To understand why the stress peaks at night rather than during the day, you have to understand what changed in Kerala's power consumption profile and why millions of kilowatts of it are completely invisible to KSEB.
The demand numbers
Kerala's 2026 summer consumption is beyond anything the grid was built for.
| Metric | Value |
|---|---|
| Typical daily consumption | Consistently above 110 million units (MU) |
| All-time peak daily consumption | 117.16 MU (April 18) |
| All-time peak instantaneous demand | 6,195 MW (late April 23) |
| Previous evening demand record | 6,033 MW |
| Share of power purchased from external sources | Over 70% of daily requirement |
| Daily external purchase volume | Over 80 MU sourced outside the state |
These numbers shattered every predictive model KSEB had built. Grid planning in Kerala had historically revolved around a peak demand window between 7 PM and 10 PM, driven by domestic lighting, television, and cooking. The engineering team built infrastructure around that window.
What happened instead is that a completely different, much more severe peak emerged between 10 PM and 2 AM. The driver was air conditioning. And the speed of that shift was faster than any infrastructure planning cycle can respond to.
Why the peak moved to midnight
A 1.5-ton split AC running at full capacity draws roughly 1.5 to 2 kilowatts continuously. A household that runs two units while sleeping needs 3 to 4 kW just for cooling, on top of everything else it draws. Multiply that across an apartment complex, a dense residential street, or an urban block, and the neighborhood's power demand at 11:30 PM is dramatically higher than it was at 7 PM.
The 2024 heatwave accelerated this. Kerala recorded temperatures above 40 degrees Celsius across multiple districts, which are genuinely unusual numbers for a state accustomed to milder coastal and hill-station climates. Middle-class households that had a single AC in the master bedroom started running units in every room. Households that had never owned an AC bought one. The appliance stopped being a luxury and started being a survival tool.
On top of the AC proliferation, the rapid spread of electric vehicles added a second, hard-to-predict load spike. A standard residential EV charger draws between 3.3 and 7.4 kilowatts. KSEB officials noted that charging a single EV draws roughly the same power as running a 1-ton AC, multiple fans, and all the lights in a house simultaneously, for six continuous hours.
An EV owner who plugs in after returning home at 9 PM runs a 3 to 7 kW load from roughly 9 PM through 3 AM. That load sits invisibly on top of the evening peak, and it is completely absent from KSEB's infrastructure sizing models because nobody declared it.
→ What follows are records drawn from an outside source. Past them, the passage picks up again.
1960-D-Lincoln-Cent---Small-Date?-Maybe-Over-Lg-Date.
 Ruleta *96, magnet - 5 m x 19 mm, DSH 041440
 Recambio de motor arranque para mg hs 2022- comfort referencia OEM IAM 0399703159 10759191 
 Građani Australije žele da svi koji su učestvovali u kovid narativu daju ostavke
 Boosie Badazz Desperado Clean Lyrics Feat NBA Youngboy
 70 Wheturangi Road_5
None of this is surprising in hindsight. But KSEB's infrastructure decisions were not made in hindsight. They were made years earlier, using demand projections that assumed consumer loads would stay roughly proportional to what consumers had formally declared.
The connected load affidavit
When you apply for an electricity connection in Kerala, or when you request a modification to an existing one, you are legally required to submit a "connected load" declaration. It is a sworn affidavit stating the aggregate rated capacity in kilowatts of all appliances and devices installed in your premises that could theoretically operate simultaneously.
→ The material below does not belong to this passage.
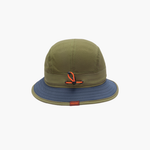 B-THICKET Bucket Hat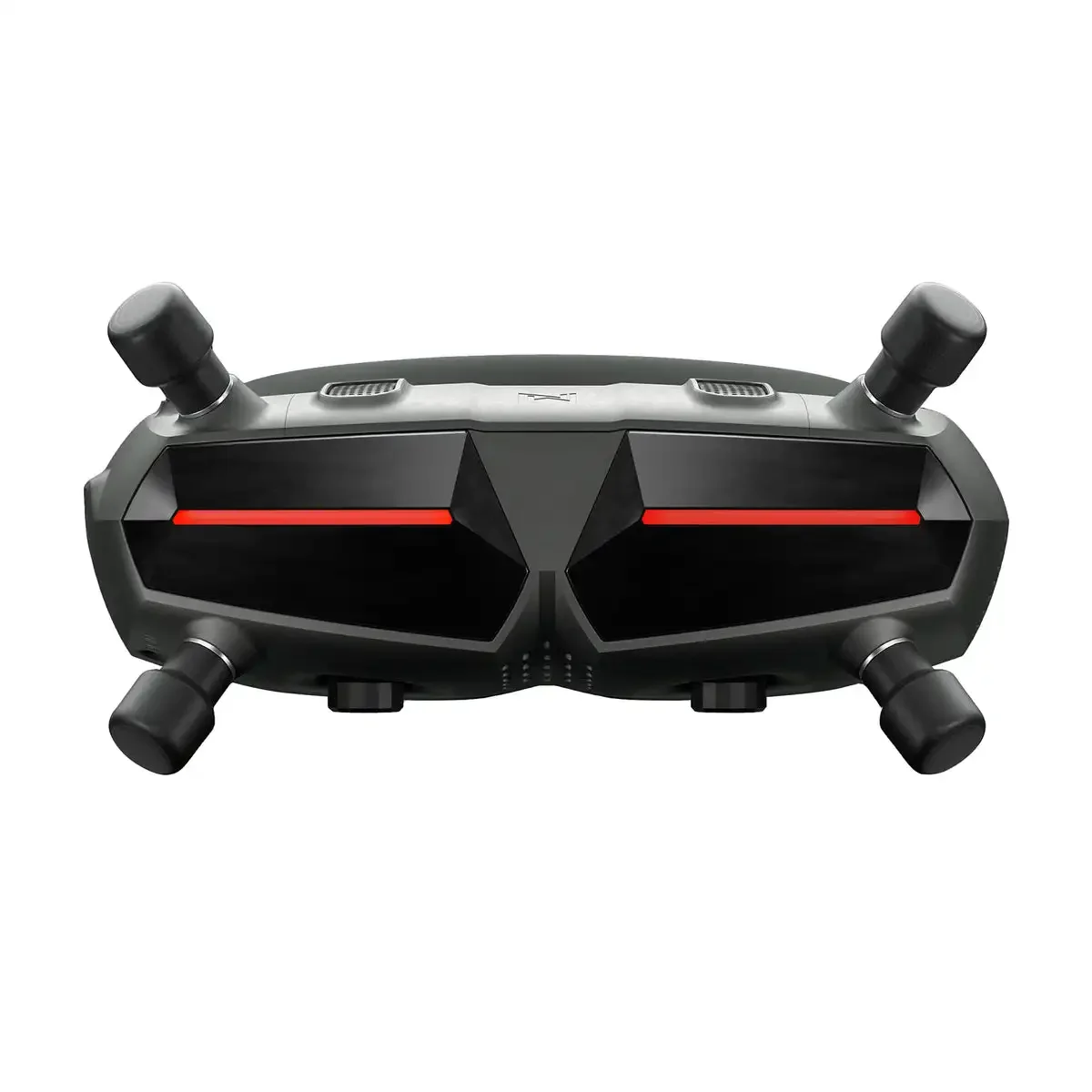 Walksnail Avatar HD Goggles X  – Fpv Goggles Walksnail Avatar Hd recenzja i cena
KSEB uses these declarations for three critical functions.
First, to determine which tariff slab you fall into and how much your fixed monthly demand charge is. Second, to calculate how much capacity the neighborhood distribution transformer needs to safely serve your street. Third, to determine whether you need a single-phase or three-phase supply.
The single-phase versus three-phase threshold is where the system breaks down.
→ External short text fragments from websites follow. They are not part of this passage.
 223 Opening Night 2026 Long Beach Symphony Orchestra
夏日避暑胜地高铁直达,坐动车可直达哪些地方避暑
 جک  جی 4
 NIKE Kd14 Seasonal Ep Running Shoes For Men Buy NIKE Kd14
The 5 kW line and why nobody crosses it voluntarily
According to the Kerala Electricity Supply Code, standard domestic connections are sanctioned as single-phase (240 volts) as long as the total connected load is 5 kW or less. Once that threshold is crossed, regulations generally require a transition to a three-phase connection (415 volts).
Upgrading to three-phase is not a form you fill in online. It involves complete home rewiring to separate circuits, a new three-phase energy meter, substantially higher fixed monthly demand charges, coordination with KSEB field staff, and a nontrivial upfront cost. The practical result: the vast majority of consumers choose not to cross that line, regardless of what they are actually running.
The math of what modern households actually draw makes this a serious problem.
Two 1.5-ton split ACs at 2 kW each = 4 kW. A water heater at 2 kW. An induction cooktop at 1.5 to 2 kW. Standard lighting and fans at 0.5 kW. That is already 8 to 9 kW in actual draw, against a declared connected load of maybe 2 to 3 kW from a decade ago. An EV charger on top pushes it to 11 to 16 kW.
Nobody updates the affidavit. Updating the affidavit means crossing the 5 kW line. Crossing the line means paying more every month. The immediate, certain financial cost outweighs the abstract, shared threat of grid instability in the neighborhood.
This calculus, playing out across millions of Kerala households simultaneously, is what creates the "hidden load" problem. From KSEB's perspective, a local 100 kVA transformer is serving 40 homes based on their declared loads of 2 to 3 kW each, for a theoretical total demand of 80 to 120 kW. The transformer rating is adequate for that. But those same 40 homes are actually drawing 5 to 8 kW each during the 11 PM peak, demanding 200 to 320 kW from a transformer physically rated for 100 kVA.
The "2-phase" confusion
A number of consumers report having a "2-phase" connection, and many believe this means they already have more capacity than a standard single-phase supply. This is a persistent and consequential misunderstanding.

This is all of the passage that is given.